He does not speak of his misery, but of his sin. These are the affections and dispositions of the true penitent, of Magdalene as of David, contemplating an entire change of life, and hoping bravely to be enabled to serve God diligently and profitably in a course of reparation. Thus the few words of the Prodigal may be used by us as pointing out the affections which we should endeavour to make dominant in our souls if we desire to turn to God and lead a life of true and generous penitence.
Joy of the father at his return
‘And rising up, he came to his father. And when he was yet a great way off, his father saw him, and was moved with compassion, and running to him, fell upon his neck, and kissed him. And his son said to him, Father, I have sinned against Heaven and before thee, I am not now worthy to be called thy son.
‘And the father said to his servants, Bring forth quickly the first robe, and put it on him, and put a ring on his hand and shoes on his feet, and bring hither the fatted calf, and kill it, and let us eat and make merry, because this my son was dead and is come to life again, was lost and is found. And they began to make merry.’
All through this parable our Lord has before Him the joy of God at the return of the sinner, and He now describes more particularly the manner in which that joy shows itself, as well as the special ground on which it is founded, namely, that a conversion from sin is a recovery of what had been lost, a coming to life of what had been dead, and is therefore a greater victory of grace than even the perseverance of the just in their virtue.
The source of all this special joy lies in the tender loving heart of the father in the parable, which cannot reflect except most faintly the infinite love of God, our Creator and Father.

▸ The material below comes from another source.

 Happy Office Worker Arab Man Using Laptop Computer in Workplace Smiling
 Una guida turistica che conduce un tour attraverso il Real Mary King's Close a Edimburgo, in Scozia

The depths of that love can never be fathomed, until we can understand the ineffable joy and love which are the life of God, and comprehend what it is in Him to have created us after His own image and likeness, and designed us for the possession of His own blessedness throughout all eternity.
How expressed
The particulars are specified in which the manifestation of this love is set forth, the first or best robe, the ring on the finger, the shoes to the feet, to do away with the last vestige of poverty and misery in his appearance.
They express the thoughtful charity with which, in the reception of the sinner by God, every honour is lavished on him and every blemish is removed from him. The picture teaches us that there is no stinting, no reserve, no half measures, in the pardon which God delights to impart to us, as if it were a greater triumph and a greater joy to Him than it is a benefit to ourselves.
The ‘first robe’ is understood by many Fathers as the baptismal innocence which is restored to perfect penitence, the ring on the finger as the mark that the penitent is once again the acknowledged child of God, the shoes on the feet are taken to mark his freedom to walk on in the path of virtue. In the picture drawn in the parable, these are just what would have been given in the East to one who was to take his place in the household as son of the lord.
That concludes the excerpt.